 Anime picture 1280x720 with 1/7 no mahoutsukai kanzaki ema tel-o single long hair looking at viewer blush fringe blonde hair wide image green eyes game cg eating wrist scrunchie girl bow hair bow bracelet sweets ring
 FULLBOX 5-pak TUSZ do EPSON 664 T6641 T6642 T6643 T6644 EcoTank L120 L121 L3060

★ ★ ★ ★ ★ ★ ★

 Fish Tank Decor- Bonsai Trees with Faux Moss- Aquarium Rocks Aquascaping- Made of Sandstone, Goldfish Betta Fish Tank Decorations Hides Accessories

★ ★ ★ ★ ★ ★ ★

● YOUR ASSIGNMENT: Show all of the lines above in which "with" is present.

● OUTPUT FOR THIS EXERCISE:
 Anime picture 1280x720 with 1/7 no mahoutsukai kanzaki ema tel-o single long hair looking at viewer blush fringe blonde hair wide image green eyes game cg eating wrist scrunchie girl bow hair bow bracelet sweets ring
 Fish Tank Decor- Bonsai Trees with Faux Moss- Aquarium Rocks Aquascaping- Made of Sandstone, Goldfish Betta Fish Tank Decorations Hides Accessories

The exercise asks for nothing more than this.